Na Folha de hoje, o SLATFATF:
“Eu amo prazos”, disse certa vez o escritor inglês Douglas Adams (1952-2001), “adoro o som apressado que eles fazem quando voam”. O barulho deve ter ficado insuportável quando ele escrevia o material do quarto volume da série “O Guia do Mochileiro das Galáxias”, “Até Mais, e Obrigado Pelos Peixes”, que chega pela segunda vez às prateleiras do Brasil. Afinal, foi preciso que o editor original de Adams, Sonny Mehta, se trancasse em uma suíte de hotel com o autor para garantir que o livro saísse dentro de seu cronograma em 1984.

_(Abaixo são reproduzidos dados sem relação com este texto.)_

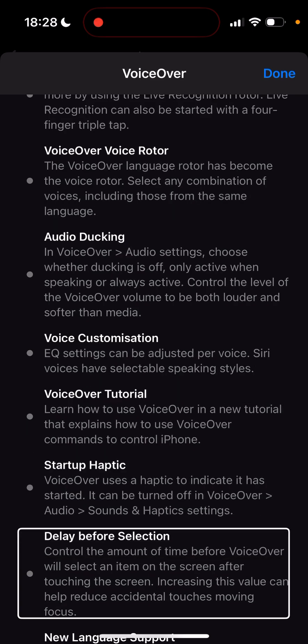There's also a new VoiceOver tutorial that explains how to use VoiceOver — again, something we had on Android for TalkBack. Startup haptic is new too: VoiceOver uses a haptic to indicate it has started, and it can be turned off in VoiceOver > Audio > Sounds and Haptics settings. Delay Before Selection lets you control the amount of time before VoiceOver will select an item. So if you accidentally touch the screen, VoiceOver will not respond to your slight touch — you can make the screen as sensitive as you wish now, which is actually great.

“Até Mais…” já havia sido publicado no Brasil com o título de “Até Mais, Valeu o Peixe” em 1988 pela editora Brasiliense, na primeira vez que o clássico de Adams foi vertido para cá – e foi justamente o livro em que a editora original parou de publicar a “trilogia em cinco volumes” idealizada inicialmente como uma série de rádio transmitida pela BBC 4, em Londres.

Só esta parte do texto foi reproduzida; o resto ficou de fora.